O ministro do STF Gilmar Mendes - Carlos Moura - 30.nov.21/SCO/STF

Os quatro ministros abandonaram a "cláusula da modicidade" para cálculo do dano. Adotaram a "cláusula da maldade" e atenderam pleito do colega decano. Indenização incomum que não serve para ressarcir qualquer coisa. Serve para calar e falir.

Jornalista não está isento de responsabilidade pelo que escreve, mas a decisão não demonstrou nem impropriedades factuais, nem juízos ofensivos do livro. Parece ter inventado direito especial para ministro do STF: o direito de não se sentir ofendido.

O STF tem desfilado como mui amigo da liberdade de expressão e recitado decisões recentes: liberação da marcha da maconha, revogação da lei de imprensa, liberação de biografias não autorizadas e do debate político em universidade. Carmen Lúcia até escolheu a marchinha: "Cala boca já morreu, quem manda na minha boca sou eu."

Tome cuidado com o autoelogio judicial. Na areia movediça de argumentos moldados pelo acho que sim, acho que não, mesmo quando concordamos com o resultado, segue difícil o tribunal convencer de que uma decisão não foi casuística.

O STF é menos amigo da liberdade do que quer fazer parecer porque mesmo seus acertos exalam a fumaça de voluntarismo populista. A proteção da liberdade pede mais que acertos avulsos.

Pede transparência, coerência e alguma previsibilidade, três bens jurídicos que o STF se recusa a produzir. Acertos avulsos não fazem jurisprudência se ministros não têm compromisso com suas declarações de princípio.

O tribunal não desconhece a diferença entre delinquência e jornalismo, nem entre Daniel Silveira e Rubens Valente. Mas se você procurar, nas decisões, explicação da diferença, não vai achar três gotas de suor descritivo e analítico.

Frustrou, mas não chocou, o silêncio da advocacia progressista (por auto declaração) no episódio. Ela transformou debate jurídico entre garantistas e punitivistas num embate sectário, mal disfarçado de jurídico, entre anti lava-jatistas e lava-jatistas. O sectarismo esmagou o grão de direito que restava. Os dois lados exibem hoje mais equivalências que diferenças.

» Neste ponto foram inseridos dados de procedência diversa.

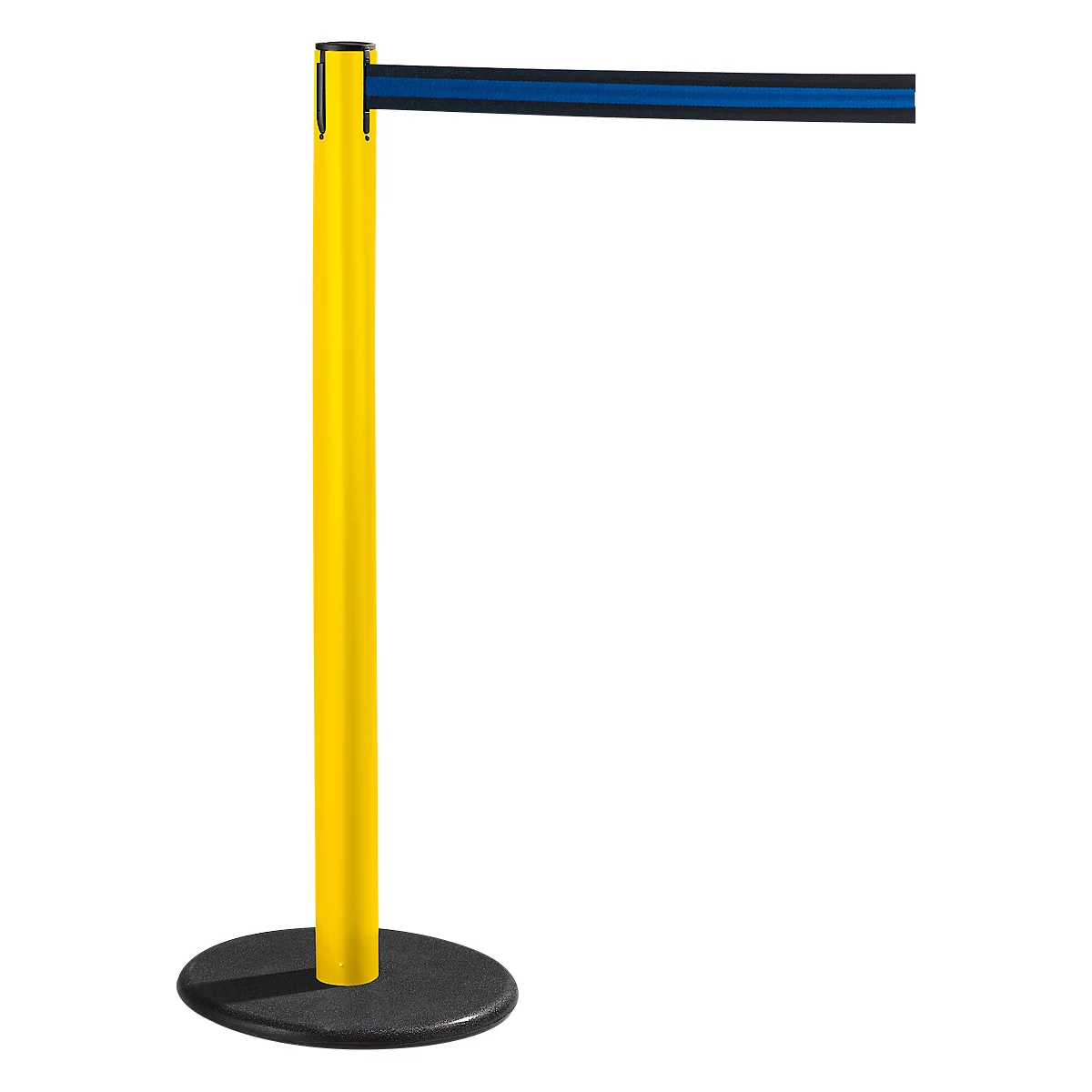 Yellow and black stanchion with blue belt, against white background.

Anti lava-jatismo se fez lava-jatismo com sinal trocado. No jargão preguiçoso, comprado pelo jornalismo a preço de osso para faminto comer, garantista virou o juiz que manda soltar, punitivista o juiz que manda prender, independentemente da legalidade da prisão ou da soltura. E ilegalidades vão passando despercebidas de um lado e de outro.

Só nesse universo alucinógeno e pouco sincero é possível enxergar Gilmar Mendes e, claro, Augusto Aras, como restauradores do estado de direito e homenageá-los em eventos laudatórios. Diante do imenso atentado à liberdade de imprensa praticado pelo mais poderoso dos magistocratas, melhor sair de fininho. Pau que bate em Moro não bate em Gilmar.

Arruinar vida do repórter que manchou sua reputação não é o principal objetivo de empresário-censor, político-censor ou juiz-censor. Sua maior vitória, sempre, é deixar todos os outros jornalistas com medo da próxima reportagem. Pode custar um milhão de reais. Ou mais, ou menos, ninguém sabe.

Valente, repórter respeitado, contou com onda de solidariedade que lhe poupou endividamento vitalício. Outros não têm essa sorte. Sem estruturas de apoio, jornalismo vira assessoria da corte.

Quando o exercício da liberdade depende de heroísmo e conta bancária, o cala boca continua firme. No STF, o cala boca morreu só da boca pra fora. Flutua conforme a razão e sensibilidade de cada ministro. O tribunal não nos ajuda a ajudá-lo nem quando mais precisa.